* [What you are asked to do]
Starting at the line that contains "1941 旗袍年代的女大学生 知乎", return every line through the end of the data exactly, without pictures.

··· Excerpted data ···

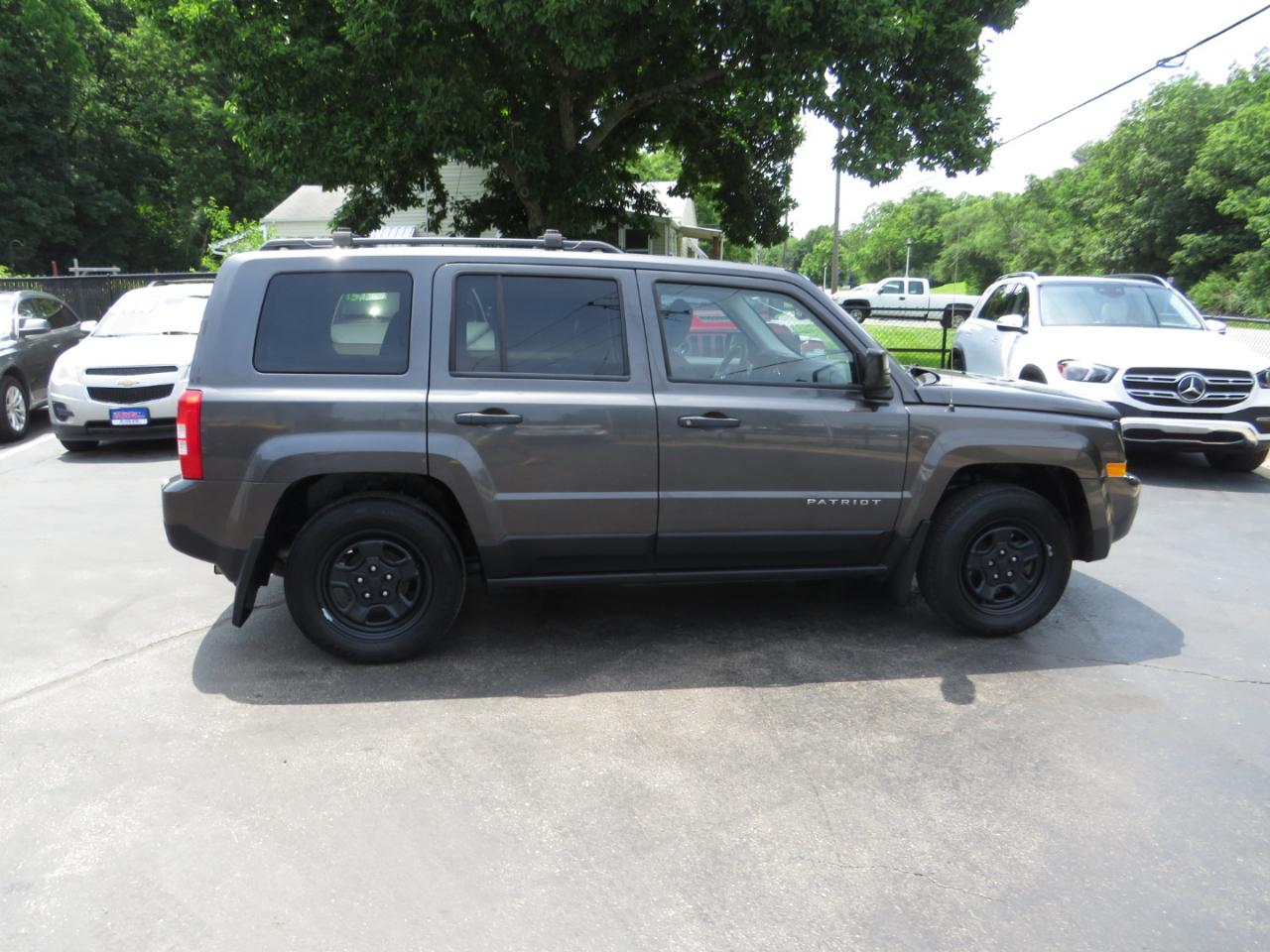Jeep Patriot FWD 4dr Sport 2016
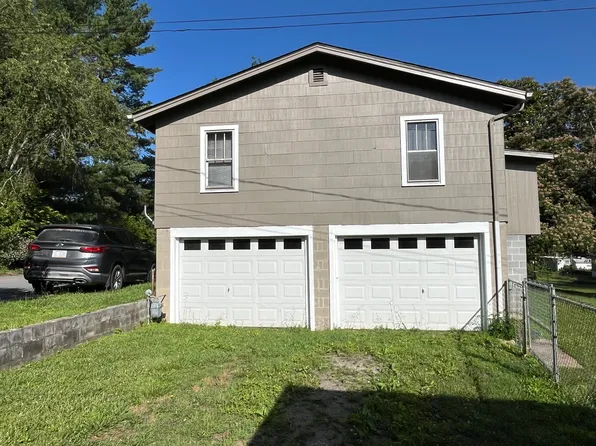 (undisclosed Address), Flat Rock, NC 28731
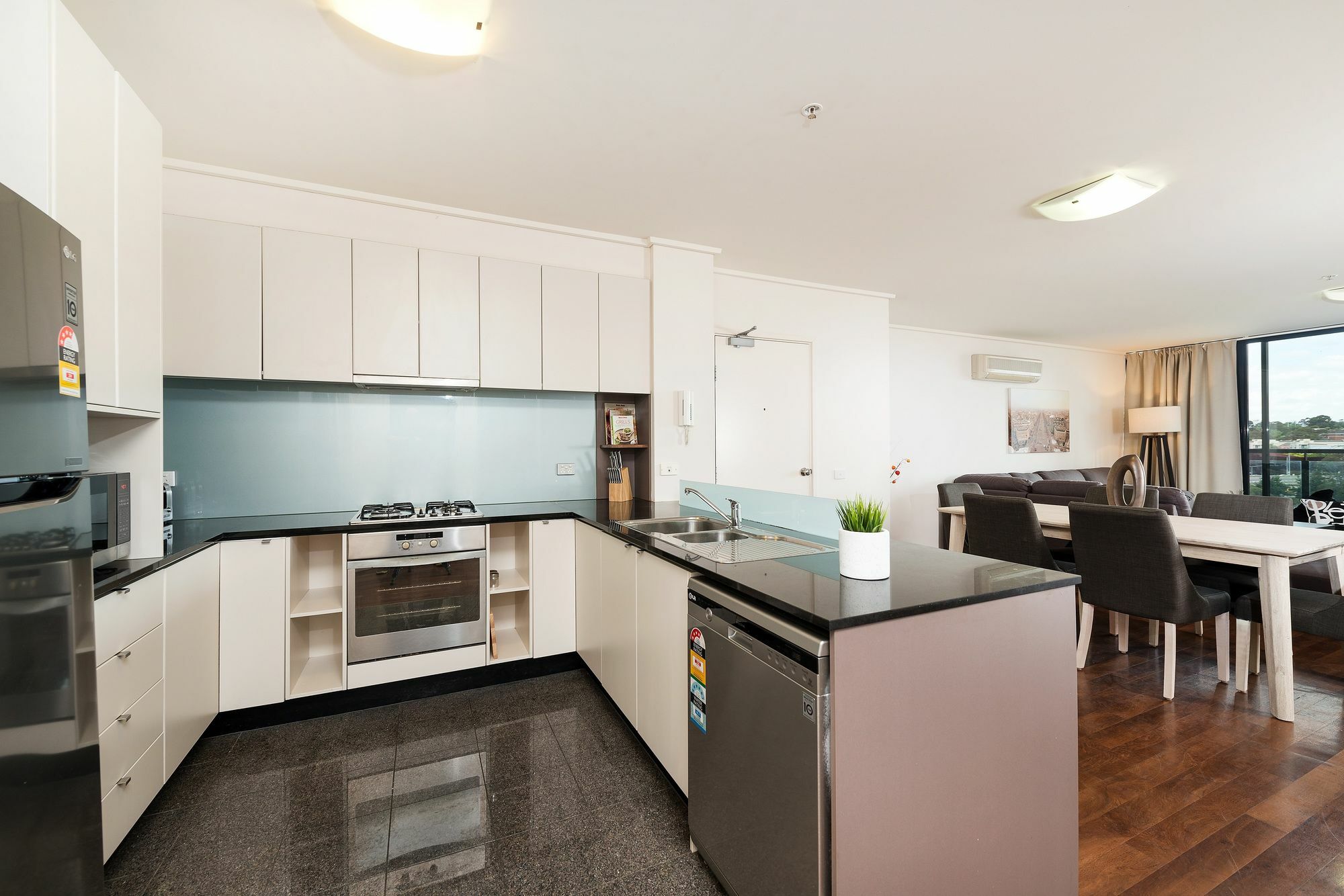 Apartment A Walk To Crown Casino *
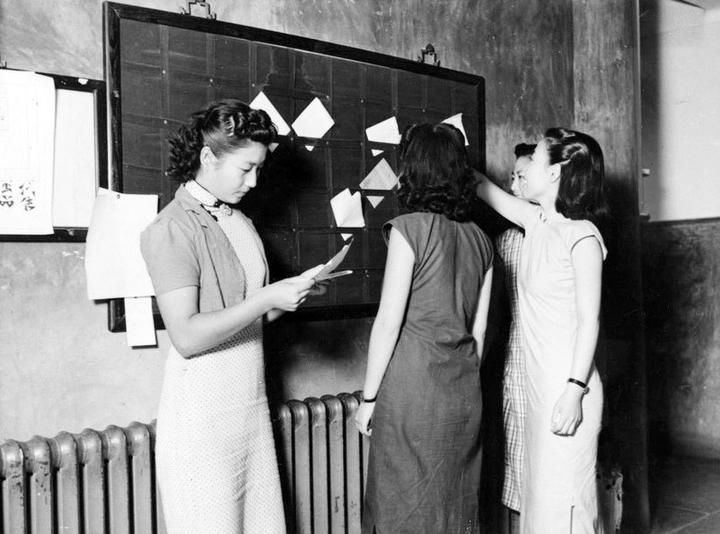 1941 旗袍年代的女大学生 知乎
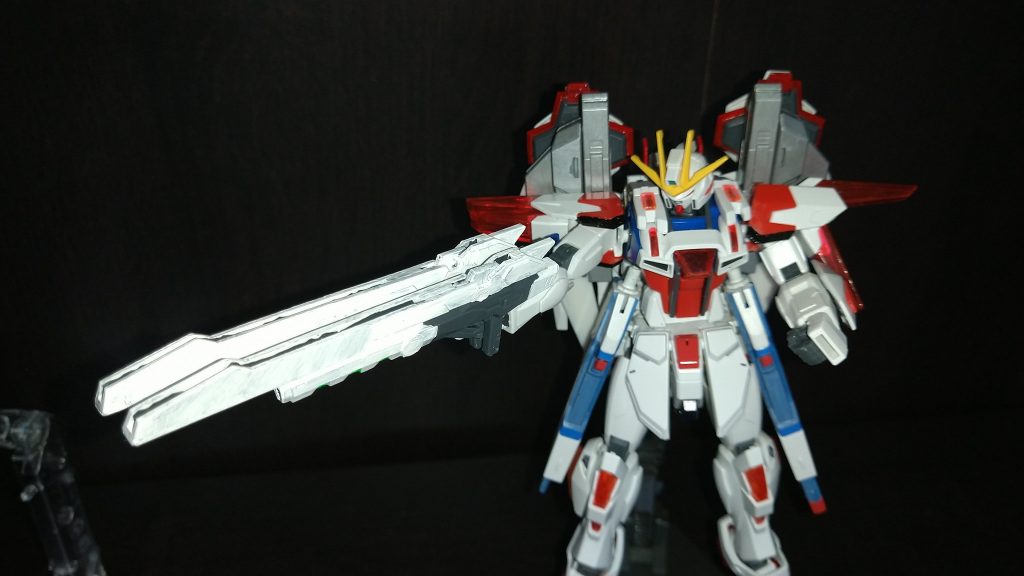 攻撃面での新装備、ツインスターライフルです
連結させる事でツインバ・スターライフルとなり、ディスチャージ無しでも高い火力を発揮します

···

* [Response below]
 1941 旗袍年代的女大学生 知乎
 攻撃面での新装備、ツインスターライフルです
連結させる事でツインバ・スターライフルとなり、ディスチャージ無しでも高い火力を発揮します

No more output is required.